Następne artykuły stanowią, że zleceniobiorca powinien wykonać zobowiązanie zgodnie z jego treścią, w sposób, który odpowiada jego celowi społeczno-gospodarczemu, zasadom współżycia społecznego i zgodnie z ustalonymi w danym przypadku zwyczajami. Podobne zasady obowiązują także drugą stronę umowy. Od zobowiązanego wymagać się będzie także należytej staranności.
-
Czas trwania umowy
Jeśli zawierasz umowę długoterminową musisz zwrócić uwagę na czas jej trwania. Prawo nie określa minimalnych i maksymalnych terminów. Wszystko zależy od tego na jakie warunki się zgodzisz i co zapiszesz w kontrakcie. W zasadzie występują tu dwa rozwiązania:
– umowa na czas określony oraz
– umowa na czas nieokreślony.
Dlaczego to rozróżnienie jest ważne? Ponieważ, gdy zachodzi konieczność wypowiedzenia takiej umowy zasady postępowania mocno się różnią.
Umowy zawartej na czas określony nie można wypowiedzieć przed upływem terminu jej zakończenia jeśli taka możliwość nie została konkretnie zapisana w jej treści.
Umowę na czas nieokreślony możesz natomiast wypowiedzieć według zasad przyjętych w kontrakcie np. po upływie 3-miesięcznego okresu wypowiedzenia lub jeśli takie konkretne warunki nie zostały wpisane do kontraktu – w każdej chwili.
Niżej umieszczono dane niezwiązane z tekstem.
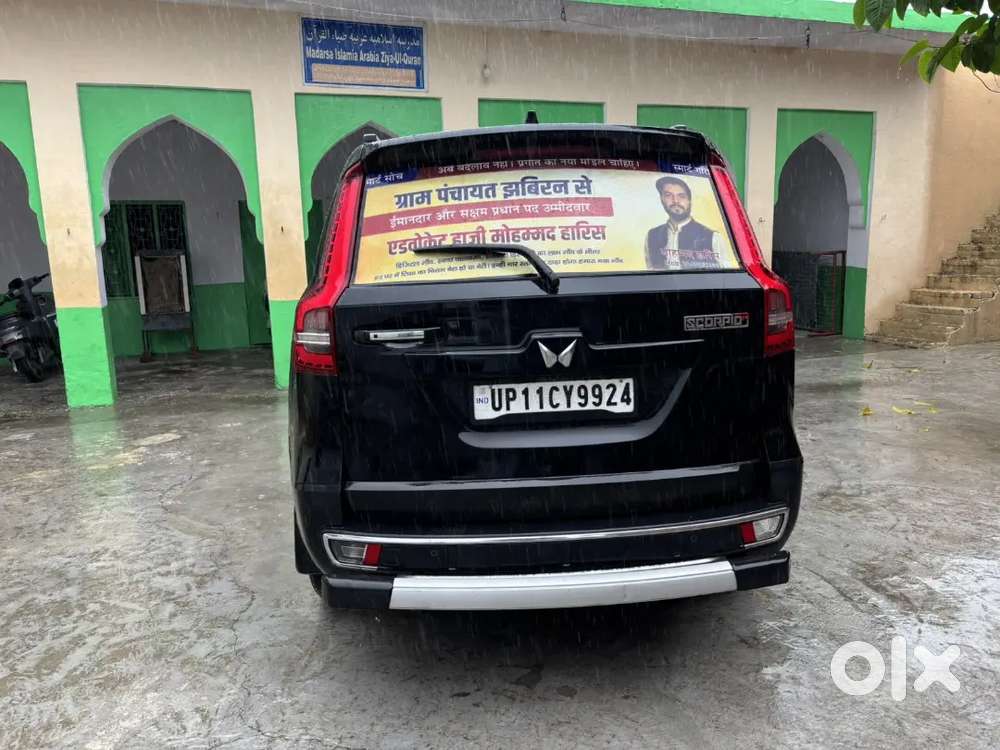 Mahindra Scorpio N 2024 Z8 Select Diesel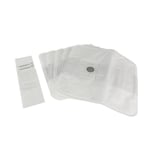 Miele S438I, S636 Compatible Vacuum Cleaner Dust Bags GN Type 5 Pack & 2 Filters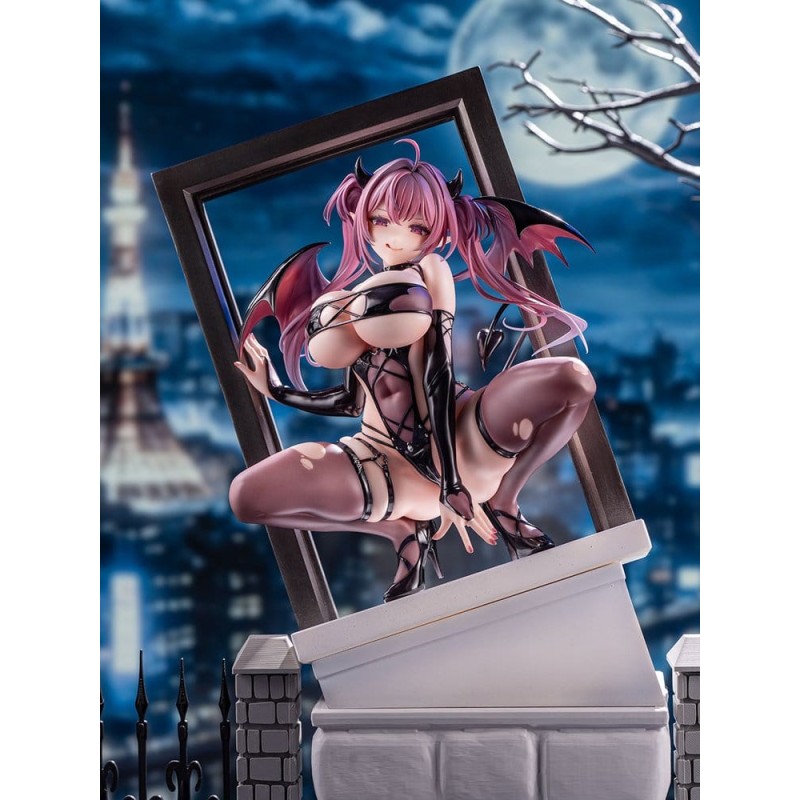 Original Character PVC Figure 1/6 Succubus Mieru 26 cm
Wszystko to, co Twój partner biznesowy lub Ty zapiszecie w umowie, np.:
– brak przedstawienia polisy ubezpieczeniowej przez przewoźnika
– utrata licencji przez przewoźnika
– rażące naruszenie innych postanowień umowy przez przewoźnika
– zaprzestanie świadczenia usług będących przedmiotem umowy przez przewoźnika
– objęcie zamiarem przejęcia przedsiębiorstwa przewoźnika przez inne przedsiębiorstwo lub jego sprzedaż innemu podmiotowi
Umowę można również wypowiedzieć jeśli druga strona umowy jest np. niewypłacalna albo w przypadku gdy podlega ona postępowaniu likwidacyjnemu. Naturalnie taki zapis musi znaleźć się w umowie. Podobnie wygląda to, gdy Twój partner biznesowy nie płaci Ci za usługę.
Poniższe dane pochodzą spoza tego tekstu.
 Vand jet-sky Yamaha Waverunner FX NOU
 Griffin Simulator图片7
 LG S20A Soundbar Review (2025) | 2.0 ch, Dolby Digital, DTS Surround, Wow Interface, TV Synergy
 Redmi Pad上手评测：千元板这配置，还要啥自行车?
Jeśli Ty lub przedsiębiorstwo, z którym zawierasz umowę o współpracy, określacie możliwość wcześniejszego rozwiązania umowy zwróć uwagę na to jak ma to przebiegać, czy np. określony jest okres wypowiedzenia, w jakiej formie masz powiadomić o takim zamiarze Twojego partnera. Pamiętaj, że forma pisemna, to nie jest e-mail lub rozmowa na komunikatorze. Taka forma komunikacji nosi miano dokumentowej. Pisemna forma potrzebuje potwierdzenia jej Twoim podpisem, w przypadku cyfrowej komunikacji będzie to certyfikowany podpis elektroniczny. Ważne jest także to, od kiedy takie wypowiedzenie jest skuteczne. Może to być np. koniec miesiąca kalendarzowego. Jest to o tyle istotne, że w trakcie trwania okresu wypowiedzenia będziesz musiał nadal świadczyć swoje usługi na rzecz partnera biznesowego.
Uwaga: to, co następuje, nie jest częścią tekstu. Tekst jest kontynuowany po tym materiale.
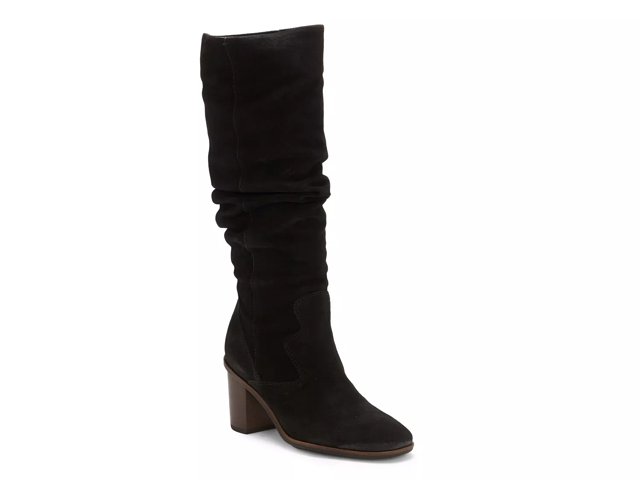 Dsw black boots knee high cheap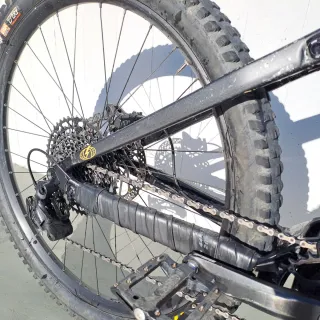 Scott Genius 900 Eride Carbono 29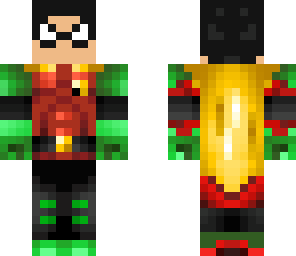 robin 3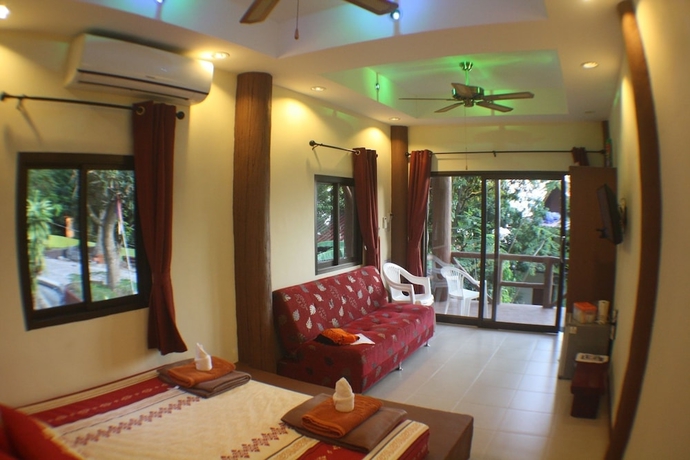 Imagen de la habitación del Hotel Moonstone Studio. Foto 6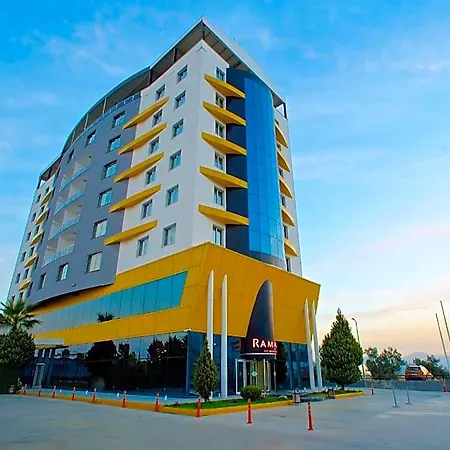 Ramada By Wyndham Otel Soma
Umowę możesz rozwiązać będąc zmuszonym do zapłacenia kar umownych lub nie. Znowu zależy to od tego, co zostanie zapisane w umowie. Pamiętaj także o tym, że nie zawsze strony umowy są traktowane tak samo. Często jest tak, że zleceniobiorca płaci kary znacznie wyższe niż zleceniodawca. Czasem zapisy dotyczące kar umownych są tak niekorzystne, że stanowią zagrożenie dla istnienia firmy mogąc nawet powodować problem z jej wypłacalnością.
A co jeśli Twój kontrahent nie płaci? Teoretycznie powinieneś mieć możliwość zrezygnowania ze świadczenia usług w takim przypadku, ale będzie to możliwe jeśli taki zapis znajdzie się w umowie! Często bywa bowiem tak, że pomimo tego, że partner ociąga się z płatnościami nadal będziesz musiał podstawiać swoje auta. Dlaczego? Ponieważ np.: w umowie zawarte są kary za brak wykonania usługi i są one tak wysokie, że będzie to dla Ciebie większy koszt niż gdybyś próbował ograniczać straty poprzez zaniechanie wykonywania usługi. Warto zatem zadbać o to, żeby w kontrakcie był zapis określający, po jakim czasie bez zapłaty możesz zerwać kontrakt.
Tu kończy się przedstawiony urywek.